Let your child know that their thoughts are safe with you, that you will respect them even if you disagree with them. By the same token, explain your reasoning and insist on the same respect. This foundation will help your child understand why you set guidelines for them and help you do so more sensitively.
4. Allow Distractions Within Reason
Children love any kind of distraction that they can get their hands on. Toys, games, television, devices — all of these things are irresistibly stimulating to a child (as well as many adults!).
It is of course no surprise that children could watch television and play games all day. Naturally, you’ll need to apply boundaries to such activities for this very reason.
Distractions aren’t all bad though; consider when and how you consume your media. Maybe after getting home from a long workday, you relax by kicking your feet up and turning on the Xbox.

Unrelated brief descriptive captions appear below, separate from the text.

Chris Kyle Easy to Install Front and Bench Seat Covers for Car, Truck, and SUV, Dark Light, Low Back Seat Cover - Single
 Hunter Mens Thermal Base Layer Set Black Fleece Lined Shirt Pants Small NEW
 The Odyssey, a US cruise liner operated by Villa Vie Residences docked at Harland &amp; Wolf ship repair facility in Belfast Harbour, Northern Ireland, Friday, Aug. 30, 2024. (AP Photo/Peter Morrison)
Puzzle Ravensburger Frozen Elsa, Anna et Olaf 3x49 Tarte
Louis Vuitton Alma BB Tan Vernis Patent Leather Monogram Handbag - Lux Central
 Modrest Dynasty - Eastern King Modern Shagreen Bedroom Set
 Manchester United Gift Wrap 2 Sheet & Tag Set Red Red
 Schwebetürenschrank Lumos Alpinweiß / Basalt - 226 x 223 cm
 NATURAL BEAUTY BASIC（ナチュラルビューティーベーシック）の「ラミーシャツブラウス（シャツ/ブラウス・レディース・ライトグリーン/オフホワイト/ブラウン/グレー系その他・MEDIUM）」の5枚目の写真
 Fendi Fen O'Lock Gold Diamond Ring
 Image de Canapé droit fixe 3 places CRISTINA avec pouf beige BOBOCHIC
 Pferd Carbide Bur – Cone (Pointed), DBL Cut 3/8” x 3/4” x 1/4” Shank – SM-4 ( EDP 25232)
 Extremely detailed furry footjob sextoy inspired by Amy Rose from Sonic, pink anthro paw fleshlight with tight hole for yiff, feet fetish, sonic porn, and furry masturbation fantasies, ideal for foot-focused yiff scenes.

You deserve to relax after putting in your productive effort for the day — and your child does, too.
An hour of play or TV after school allows kids to decompress — and teaches the importance of doing so. Productivity is a good thing, of course, but every brain needs and deserves a break.
5. Remember That Children Are People, Too!
Ultimately, your child is a developing human with thoughts and feelings of their own. Always try to put yourself in their shoes when considering rules and precautions.
How would you feel if you were told to obey a certain rule? If you can’t convincingly explain it to yourself, you’re unlikely to persuade your child it’s the right thing to do.
Show your child that most things are OK in moderation, that their feelings are real, and that independence is important. But also show them that rules can be beneficial and that trusting you will only help them.
Leaning too far to either side of the parenting scale will almost certainly cause issues, so aim to strike a balance. Communication is the most important thing in a family, especially with children. Once you’ve got that down, helping them through life will be so much easier — and more meaningful.